Noga finished second on the team with 90 tackles in 1986 and followed that up with 78 in the strike-marred 1987 season.
Perhaps Noga’s most memorable play came at Busch Stadium in 1987 against the Tampa Bay Buccaneers when he returned a James Wilder fumble 24 yards to help lead the Big Red to an improbable 31-28 come from behind victory. Noga also had 10 tackles in the game.
“He had three or four big hits and he didn’t make any mental errors,” Big Red linebackers coach Joe Pascale said after the game. “Now the fumble obviously helped us win the game. But that’s not the main reason why Niko had a good game. He played the run well, and he didn’t miss any assignments. His whole game was solid, not just one play.”
Noga played one more season for the Cardinals, but it wouldn’t be in St. Louis. He spent the 1988 season in Arizona after the Big Red moved to Phoenix. He was released just before the start of the 1989 season and was signed by Detroit where he played three more years as a reserve linebacker and special teams player. He signed with the Oakland Raiders in 1992 as a Plan B free agent but was released prior to the season.
After leaving the NFL, Niko returned to Samoa where he coached football and worked in education. He and his brother Al were inducted into the Polynesian Football Hall of Fame in 2021.
Niko Noga was never a star in the National Football League, but it can’t be denied that he was one tough Samoan.
Coach Jim Hanifan was right when he said that the team needed more Samoans. If you look at the draft the Big Red had in 1984 the only individual to stay with us for any significant amount of time and make any real positive contributions was Niko Noga.
You are correct. That ‘84 draft helped set the team back many years!

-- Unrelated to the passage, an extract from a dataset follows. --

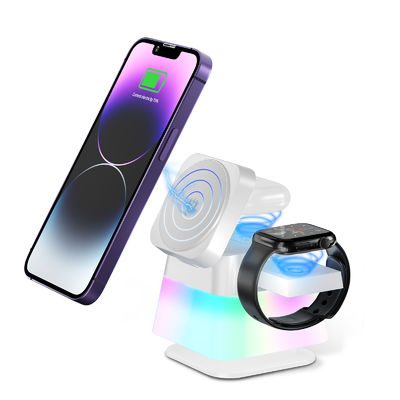 Magnetische drahtlose Ladestation USB C Port Klappbares Design 4 In 1 Ladestation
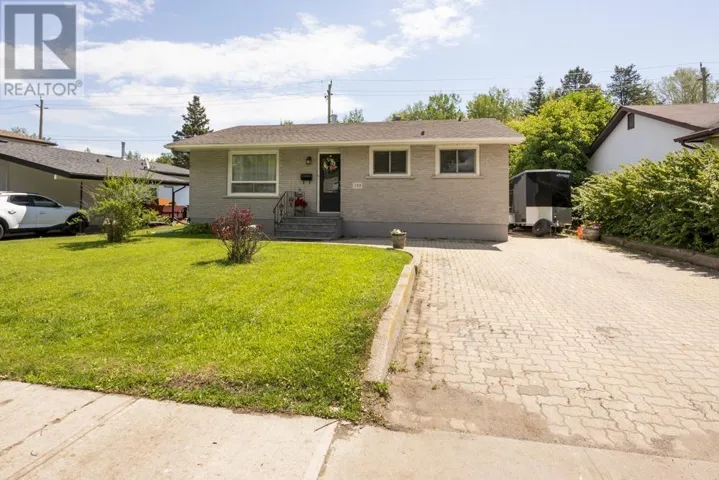 133 Whalen ST, Thunder Bay, Ontario P7A7H9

Thanks for a thoroughly entertaining and informative read, Bob. Just delightful. The quotes you gathered and used are terrific. Noga’s quote _ “Our people have big monsters in them. ” _ is as intimidating as anything Dick Butkus or Chuck Bednarik might have said. The E.J. Junior quote _ “He runs like a deer and hits like a soda machine.” _ is a classic, and describes well what made Noga so effective.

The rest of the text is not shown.